From: John Daggett <jdaggett@mozilla.com>
Date: Wed, 9 Jan 2013 23:06:48 -0800 (PST)
To: W3C Style <www-style@w3.org>
Cc: www International <www-international@w3.org>
Message-ID: <2004112728.10086988.1357801608747.JavaMail.root@mozilla.com>
Richard Ishida wrote:

> Selectors and HTML attribute values do NOT match where case is
> different. Class names using .classname syntax in the selector are a
> variant of this that produces the same results except for Opera,
> which matches regardless of case (though doesn't match general
> attribute values).

I don't see distinct problems with class name matching in Opera, id's
and class names are matched case sensitively as in other browsers.

For attribute values, your statement is not entirely correct, browsers
differ in the type of case matching used when matching attribute
values. Firefox does case sensitive matching, other browsers do
roughly C+S case insenstive matching (exact results don't always
match, Opera is different compared to Webkit and Webkit doesn't handle
non-BMP codepoints correctly on OSX).  See this testcase:


Note the handling of lang tag values.  As Boris mentions, several of
these cases have been fixed in Firefox nightlies, it's now more
correctly case sensitive.

> Counters are a little more complicated. Basically, if the
> counter-increment property and counter function refer to a user
> defined counter style using different casing, the display fails.
> Otherwise, case is irrelevant. This same behaviour occurred whether
> the names were in ASCII, Latin1 or Cyrillic characters.
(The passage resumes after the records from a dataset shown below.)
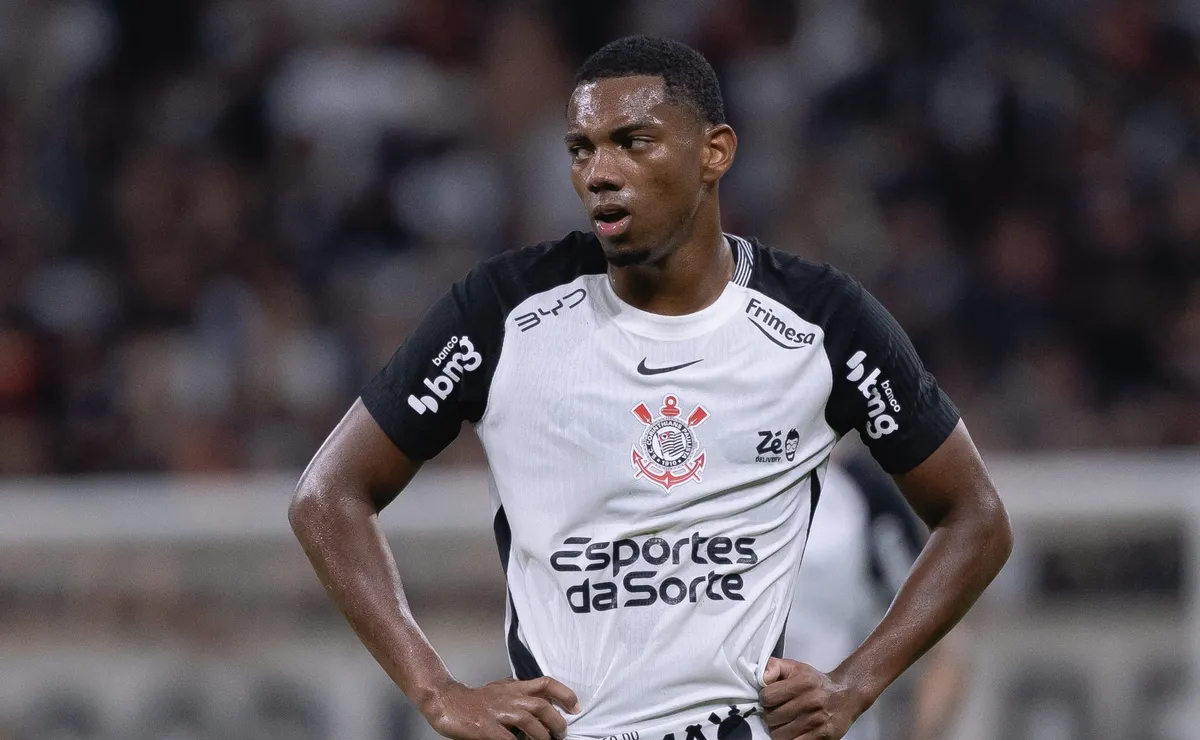 Craque Neto se revolta com André após nova expulsão no Corinthians: “Quase quebrou a perna”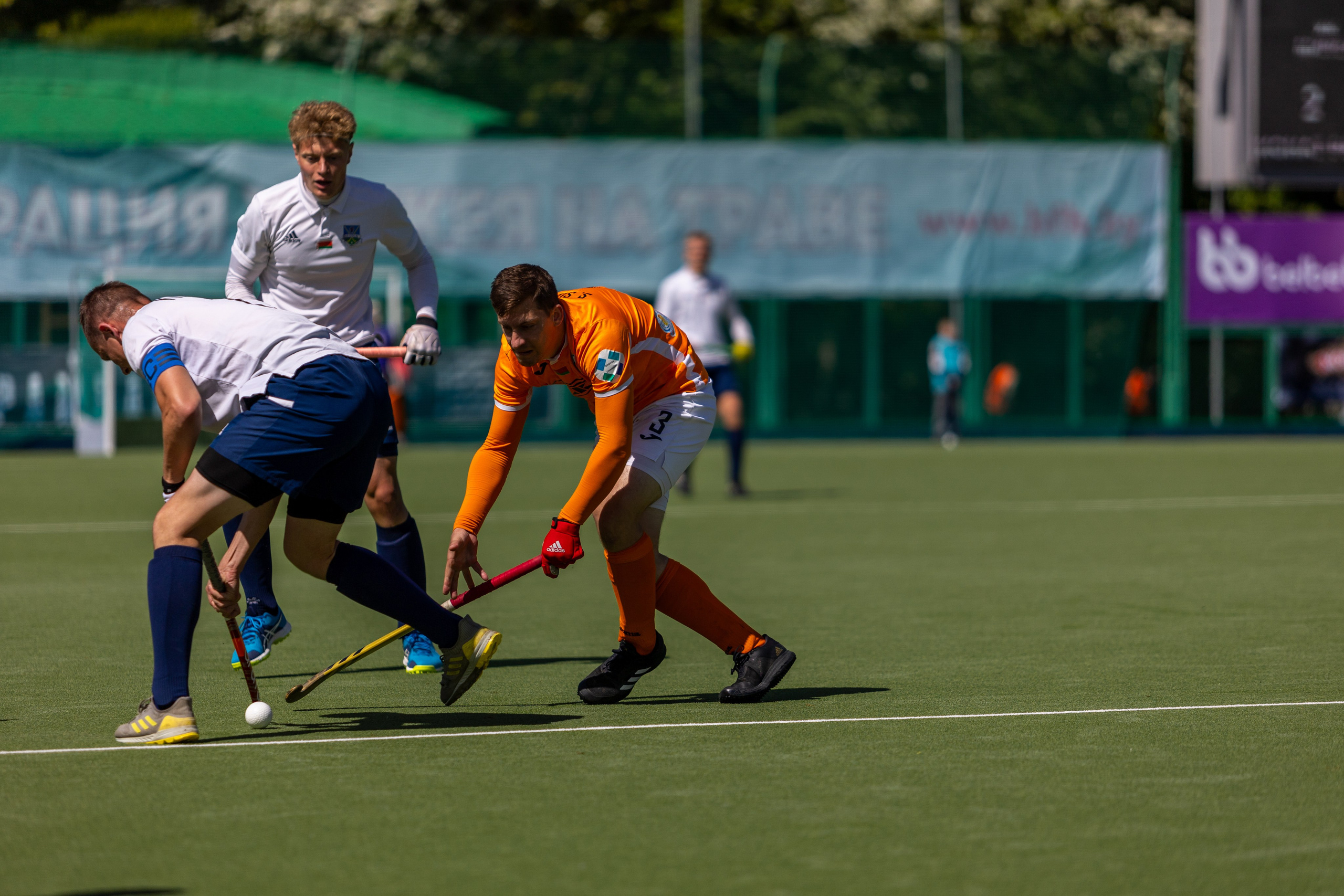 Хоккей на траве. ХК Минск — СК Строитель 12.05.2024. Профессиональный интерьерный и репортажный фотограф Минск и РБ. Максим Орлов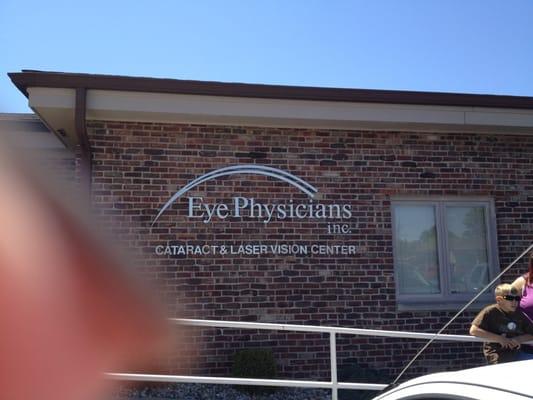 Eye Physicians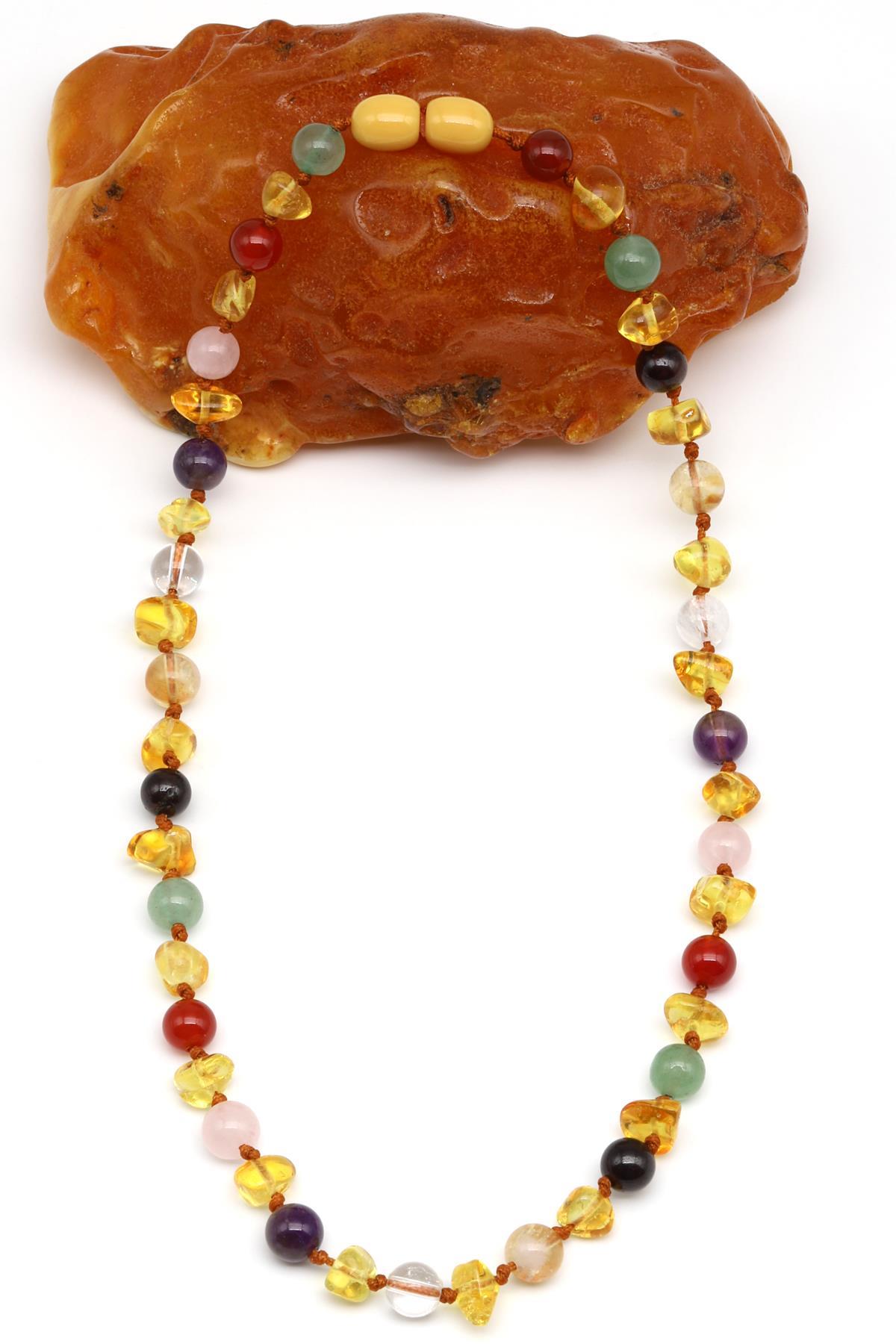 Vue avant du collier en ambre et pierres chakras pour bébé ou enfant – 33 cm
This is actually incorrect, user-defined counters are matched case
sensitively, consistently across user agents.

Several of the tests incorrectly assert that a case-insensitive match
occurred, specifically the tests where the counter name used in the
counter-reset declaration used a different case than the one used in 
the counter-increment and counter declarations.

For example, case-conversion-021 [1]:

  Assertion: If the name supplied in the counter-reset
             property is cyrillic and lowercase, it will match
             an the counter-increment property and counter
             function when they both have uppercase versions
             of the name.


  body { counter-reset: control 0; counter-reset: рускии; }
  div#one p { counter-increment: control; }
  div#one p:before { content: counter(control, lower-latin) ' '; }
  div#two p { counter-increment: РУСКИИ; } 
  div#two p:before { content: counter(РУСКИИ, lower-latin) ' '; }

Here the counter in the counter-reset declaration does *not* match
with the counter used in div#two.  Change the counter name to 'bongo'
in the counter-reset declaration to convince yourself of that.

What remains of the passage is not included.